# hello from lebanon



## 2asem (Jun 2, 2010)

hello everyone this is kassem from lebanon iv been having bees for 2 years now and need some guidance to give my bees more care.
i downloaded some books this year and im reading to get more information about these lovely creatures.


----------



## berkshire bee (Jan 28, 2007)

Welcome to the forum. It will be interesting to hear about beekeeping in Lebanon.


----------



## heaflaw (Feb 26, 2007)

Great to have you here. There are some very knowledgable people here on Beesource & they can be very helpful.

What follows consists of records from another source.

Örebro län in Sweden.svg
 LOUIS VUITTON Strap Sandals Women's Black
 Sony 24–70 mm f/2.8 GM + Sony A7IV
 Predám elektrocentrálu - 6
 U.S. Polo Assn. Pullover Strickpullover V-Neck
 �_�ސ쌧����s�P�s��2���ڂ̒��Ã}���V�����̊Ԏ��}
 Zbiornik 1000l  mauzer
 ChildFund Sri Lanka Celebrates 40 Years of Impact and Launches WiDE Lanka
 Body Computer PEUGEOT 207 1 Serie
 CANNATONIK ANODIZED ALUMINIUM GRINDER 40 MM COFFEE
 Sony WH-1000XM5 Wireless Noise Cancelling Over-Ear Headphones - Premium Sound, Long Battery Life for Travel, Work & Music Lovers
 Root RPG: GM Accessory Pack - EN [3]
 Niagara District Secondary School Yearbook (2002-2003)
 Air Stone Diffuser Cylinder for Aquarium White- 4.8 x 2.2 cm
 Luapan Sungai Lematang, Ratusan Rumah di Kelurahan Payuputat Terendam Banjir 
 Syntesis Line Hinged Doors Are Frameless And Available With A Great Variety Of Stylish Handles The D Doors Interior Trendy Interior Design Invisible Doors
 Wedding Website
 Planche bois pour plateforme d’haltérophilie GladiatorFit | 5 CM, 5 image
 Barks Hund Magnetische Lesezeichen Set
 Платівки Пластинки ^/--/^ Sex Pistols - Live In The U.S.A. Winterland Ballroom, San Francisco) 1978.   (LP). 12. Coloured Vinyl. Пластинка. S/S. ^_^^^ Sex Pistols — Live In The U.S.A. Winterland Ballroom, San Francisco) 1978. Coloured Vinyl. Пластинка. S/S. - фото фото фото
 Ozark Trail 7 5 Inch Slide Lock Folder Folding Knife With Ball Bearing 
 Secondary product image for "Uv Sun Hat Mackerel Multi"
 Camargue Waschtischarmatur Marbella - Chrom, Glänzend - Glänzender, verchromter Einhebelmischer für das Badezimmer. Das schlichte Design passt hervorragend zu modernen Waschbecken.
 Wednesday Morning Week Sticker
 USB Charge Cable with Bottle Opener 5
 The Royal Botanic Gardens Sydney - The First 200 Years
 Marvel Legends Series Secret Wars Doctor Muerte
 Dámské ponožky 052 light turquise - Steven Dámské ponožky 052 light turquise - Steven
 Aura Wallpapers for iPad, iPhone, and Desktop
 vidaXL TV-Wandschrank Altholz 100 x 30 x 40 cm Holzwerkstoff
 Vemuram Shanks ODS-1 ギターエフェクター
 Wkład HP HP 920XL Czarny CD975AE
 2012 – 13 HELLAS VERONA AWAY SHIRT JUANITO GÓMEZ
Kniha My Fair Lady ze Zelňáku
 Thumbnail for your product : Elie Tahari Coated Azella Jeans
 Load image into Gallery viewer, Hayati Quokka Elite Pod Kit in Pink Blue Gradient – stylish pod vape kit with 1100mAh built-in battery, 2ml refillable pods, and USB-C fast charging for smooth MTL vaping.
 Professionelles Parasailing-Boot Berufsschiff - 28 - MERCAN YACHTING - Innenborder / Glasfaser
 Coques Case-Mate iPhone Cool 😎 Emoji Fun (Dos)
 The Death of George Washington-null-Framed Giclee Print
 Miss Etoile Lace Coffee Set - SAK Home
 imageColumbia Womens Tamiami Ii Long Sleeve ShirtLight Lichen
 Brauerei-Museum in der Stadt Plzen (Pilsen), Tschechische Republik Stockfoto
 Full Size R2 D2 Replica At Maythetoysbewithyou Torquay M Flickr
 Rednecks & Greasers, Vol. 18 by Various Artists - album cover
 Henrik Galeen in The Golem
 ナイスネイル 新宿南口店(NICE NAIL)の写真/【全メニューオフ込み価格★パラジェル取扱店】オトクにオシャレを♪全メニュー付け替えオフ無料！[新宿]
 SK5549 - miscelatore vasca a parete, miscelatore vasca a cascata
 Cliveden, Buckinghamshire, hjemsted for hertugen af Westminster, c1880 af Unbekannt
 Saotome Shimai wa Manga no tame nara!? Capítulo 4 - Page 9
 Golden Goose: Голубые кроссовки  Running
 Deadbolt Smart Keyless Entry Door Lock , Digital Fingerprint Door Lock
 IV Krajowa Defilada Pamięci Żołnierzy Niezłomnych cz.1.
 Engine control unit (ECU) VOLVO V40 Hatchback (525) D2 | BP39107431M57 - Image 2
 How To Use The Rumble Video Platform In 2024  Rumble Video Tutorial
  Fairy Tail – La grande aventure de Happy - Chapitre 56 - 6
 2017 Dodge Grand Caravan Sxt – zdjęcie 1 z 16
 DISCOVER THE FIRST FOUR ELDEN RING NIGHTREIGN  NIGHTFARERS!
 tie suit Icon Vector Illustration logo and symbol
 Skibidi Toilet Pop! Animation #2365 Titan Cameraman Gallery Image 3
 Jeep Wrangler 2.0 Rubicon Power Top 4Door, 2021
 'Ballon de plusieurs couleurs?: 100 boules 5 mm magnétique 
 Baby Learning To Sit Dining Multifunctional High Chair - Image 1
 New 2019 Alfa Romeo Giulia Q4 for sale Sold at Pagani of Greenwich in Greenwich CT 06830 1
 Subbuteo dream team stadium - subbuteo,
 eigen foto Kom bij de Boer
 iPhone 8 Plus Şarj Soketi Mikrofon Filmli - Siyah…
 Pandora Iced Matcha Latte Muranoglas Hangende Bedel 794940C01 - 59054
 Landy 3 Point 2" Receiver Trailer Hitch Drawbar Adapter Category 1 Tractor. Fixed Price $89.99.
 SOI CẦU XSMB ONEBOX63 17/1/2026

I hope you can tell us how beekeeping is done in Lebanon. Are your bees Italian? I've read there is a breed called Syrians.


----------



## AmericasBeekeeper (Jan 24, 2010)

Welcome, I have read of some great bee research in Lebanon.


----------



## 2asem (Jun 2, 2010)

well t think that the bees here in this country are of the best they are hardworking calm bees.but i dont know their kind, my dads friend gave him 5 bees 2 years and thats when i felll in love with these creatures.also lebanon has a very unique and excellent place a bee can have, i think it has food for bees all around the year.summer isnt too hot and winter isnt too cold.
i will try to do my best to afford you with information around bees in my country.


----------



## kathygibson (Nov 3, 2009)

Welcome to the forum. You'll find a lot of information on this site as well as some very helpful and knowledgeable fellow beekeepers.

Keep us posted with information and Pictures of your beekeeping experience.


----------